The "don't ask, don't tell" learning-to-drive rule has worked out fine with the exception of when her paid driving teacher (California requires a minimum of six hours licensed instruction) mistakenly called my cell phone to confirm that he'd be taking her out on the freeway for the first time. Mama reached for her little blue pills over that one.

For me, ignorance is bliss when it comes to teaching a child how to drive. And as much in the dark as I've managed to remain during this experience, she -- OK, her father -- has reached a roadblock in the progress. It's the devil that plagues all new drivers: parallel parking.

Sophie just can't do it. Several garbage cans have been sacrificed in the name of teaching her to parallel park and when neighbors see her practicing on the street, they quickly come out of their houses to move their cars into their driveways.
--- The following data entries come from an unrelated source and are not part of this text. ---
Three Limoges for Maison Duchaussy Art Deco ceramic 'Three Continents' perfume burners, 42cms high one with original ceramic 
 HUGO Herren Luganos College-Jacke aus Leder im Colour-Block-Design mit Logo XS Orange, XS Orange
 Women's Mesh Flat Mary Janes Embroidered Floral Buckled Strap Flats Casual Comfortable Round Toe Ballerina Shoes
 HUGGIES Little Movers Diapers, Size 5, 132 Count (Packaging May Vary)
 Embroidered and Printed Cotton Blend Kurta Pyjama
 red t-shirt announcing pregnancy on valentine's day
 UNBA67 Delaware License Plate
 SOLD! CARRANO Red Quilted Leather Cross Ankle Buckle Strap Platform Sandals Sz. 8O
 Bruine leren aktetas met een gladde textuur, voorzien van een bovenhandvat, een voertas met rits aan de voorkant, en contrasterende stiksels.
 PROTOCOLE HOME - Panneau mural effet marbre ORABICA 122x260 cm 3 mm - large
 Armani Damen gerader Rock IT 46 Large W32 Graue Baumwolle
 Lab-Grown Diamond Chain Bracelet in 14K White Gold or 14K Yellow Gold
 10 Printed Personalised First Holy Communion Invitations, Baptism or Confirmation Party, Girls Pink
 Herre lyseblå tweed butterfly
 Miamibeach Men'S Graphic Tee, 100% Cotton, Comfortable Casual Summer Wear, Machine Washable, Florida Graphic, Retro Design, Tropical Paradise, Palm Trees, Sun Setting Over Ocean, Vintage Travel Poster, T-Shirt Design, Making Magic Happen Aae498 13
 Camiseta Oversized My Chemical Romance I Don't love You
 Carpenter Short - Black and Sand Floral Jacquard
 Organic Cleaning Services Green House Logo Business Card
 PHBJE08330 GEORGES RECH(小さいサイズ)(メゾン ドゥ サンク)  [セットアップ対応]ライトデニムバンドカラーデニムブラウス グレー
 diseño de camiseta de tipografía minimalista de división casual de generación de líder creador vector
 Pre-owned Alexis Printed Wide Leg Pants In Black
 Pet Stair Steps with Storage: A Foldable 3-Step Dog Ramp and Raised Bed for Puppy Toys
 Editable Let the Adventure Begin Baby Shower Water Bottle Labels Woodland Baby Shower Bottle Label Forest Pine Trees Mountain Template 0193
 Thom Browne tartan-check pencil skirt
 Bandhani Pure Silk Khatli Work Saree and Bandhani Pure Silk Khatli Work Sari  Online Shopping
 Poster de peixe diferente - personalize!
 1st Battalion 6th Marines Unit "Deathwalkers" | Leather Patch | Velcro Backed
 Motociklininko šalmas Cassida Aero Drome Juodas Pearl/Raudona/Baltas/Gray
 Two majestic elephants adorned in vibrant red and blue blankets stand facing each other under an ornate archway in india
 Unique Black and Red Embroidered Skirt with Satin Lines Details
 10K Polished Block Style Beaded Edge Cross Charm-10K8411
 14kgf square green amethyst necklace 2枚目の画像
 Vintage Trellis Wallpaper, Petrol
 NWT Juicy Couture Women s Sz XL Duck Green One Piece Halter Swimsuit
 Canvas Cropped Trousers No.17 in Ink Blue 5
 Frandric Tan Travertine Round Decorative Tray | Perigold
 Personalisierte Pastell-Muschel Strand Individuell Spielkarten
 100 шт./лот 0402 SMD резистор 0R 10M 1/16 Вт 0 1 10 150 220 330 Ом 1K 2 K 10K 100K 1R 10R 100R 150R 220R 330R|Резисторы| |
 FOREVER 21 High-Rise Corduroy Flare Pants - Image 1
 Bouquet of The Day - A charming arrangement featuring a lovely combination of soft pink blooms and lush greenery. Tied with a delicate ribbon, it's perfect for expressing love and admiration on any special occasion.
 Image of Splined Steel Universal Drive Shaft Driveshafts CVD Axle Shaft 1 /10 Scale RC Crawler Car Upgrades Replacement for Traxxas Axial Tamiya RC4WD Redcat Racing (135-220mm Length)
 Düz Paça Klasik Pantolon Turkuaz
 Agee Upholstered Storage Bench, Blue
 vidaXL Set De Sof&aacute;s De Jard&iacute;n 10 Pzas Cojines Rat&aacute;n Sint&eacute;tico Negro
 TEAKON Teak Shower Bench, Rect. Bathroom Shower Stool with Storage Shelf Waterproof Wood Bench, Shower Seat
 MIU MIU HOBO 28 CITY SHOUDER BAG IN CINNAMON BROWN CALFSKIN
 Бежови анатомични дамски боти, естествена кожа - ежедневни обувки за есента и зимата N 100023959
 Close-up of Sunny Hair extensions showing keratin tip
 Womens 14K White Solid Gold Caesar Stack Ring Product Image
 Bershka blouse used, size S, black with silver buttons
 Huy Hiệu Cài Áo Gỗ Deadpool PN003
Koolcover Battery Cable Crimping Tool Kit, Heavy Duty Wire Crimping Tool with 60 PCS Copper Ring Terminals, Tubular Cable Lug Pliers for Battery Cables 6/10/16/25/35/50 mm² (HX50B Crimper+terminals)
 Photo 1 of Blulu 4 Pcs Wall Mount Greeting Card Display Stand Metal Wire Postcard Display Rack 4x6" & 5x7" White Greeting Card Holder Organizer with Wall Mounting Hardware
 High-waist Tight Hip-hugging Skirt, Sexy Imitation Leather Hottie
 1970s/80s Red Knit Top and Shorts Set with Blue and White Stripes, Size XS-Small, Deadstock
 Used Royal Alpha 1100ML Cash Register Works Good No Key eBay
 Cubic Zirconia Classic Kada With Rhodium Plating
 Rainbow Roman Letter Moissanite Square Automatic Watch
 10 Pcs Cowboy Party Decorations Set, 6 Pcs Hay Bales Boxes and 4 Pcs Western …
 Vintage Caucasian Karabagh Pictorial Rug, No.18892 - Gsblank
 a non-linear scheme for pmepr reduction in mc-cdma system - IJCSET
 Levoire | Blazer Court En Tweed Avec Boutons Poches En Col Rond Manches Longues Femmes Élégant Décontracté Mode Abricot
One neighbor quipped that if he could, he'd move his tree out of her way as well. I understood. I've jumped behind that tree more than once.

In California, wiping out the orange parking cones on your driving test is an automatic fail. It's the "go back to the empty mall parking lot for another six months and try not to hit anything" slap to the head that no one wants to get -- or come home and tell your friends about.

Without question, it's a trauma -- and an absurd one at that because here in Los Angeles, it's what I think of as a gall bladder skill; you can live nicely without it. In LA, nobody ever parallel parks. We pull into spaces in overpriced parking garages or hand our keys over to valets. Street parking pretty much doesn't exist in Los Angeles.

I've lived here for 25 years and have parallel parked, I think, one time. Honestly? I don't know how to do it anymore, either. And like making left turns at busy intersections, all true Angelenos just avoid motoring situations that are outside their comfort zone. I'm not saying the ability to parallel park won't one day come in handy, but I can get anywhere in LA without having to make a left turn (or parallel park) and there's no reason my daughter shouldn't be able to do the same.

Well, actually there is one reason: There is nothing else stopping her ascension into adulthood except parallel parking. Once she drives, she won't need me to pick her up after track practice or meet her at the school bus. Our car time together is special time for me. We have our best talks when we are alone together in the car. When traffic is in a snarl, there will be no more beach detours as we "play hooky together" from the homework and blog posts that await us at home. Call it quality-time or call it captive audience, but there is just something unique and wonderful about being together in the car, sunroof open, and singing along with Bruce on the radio.

And for this, I would like to thank the parallel parking gods for standing in her way, just a little.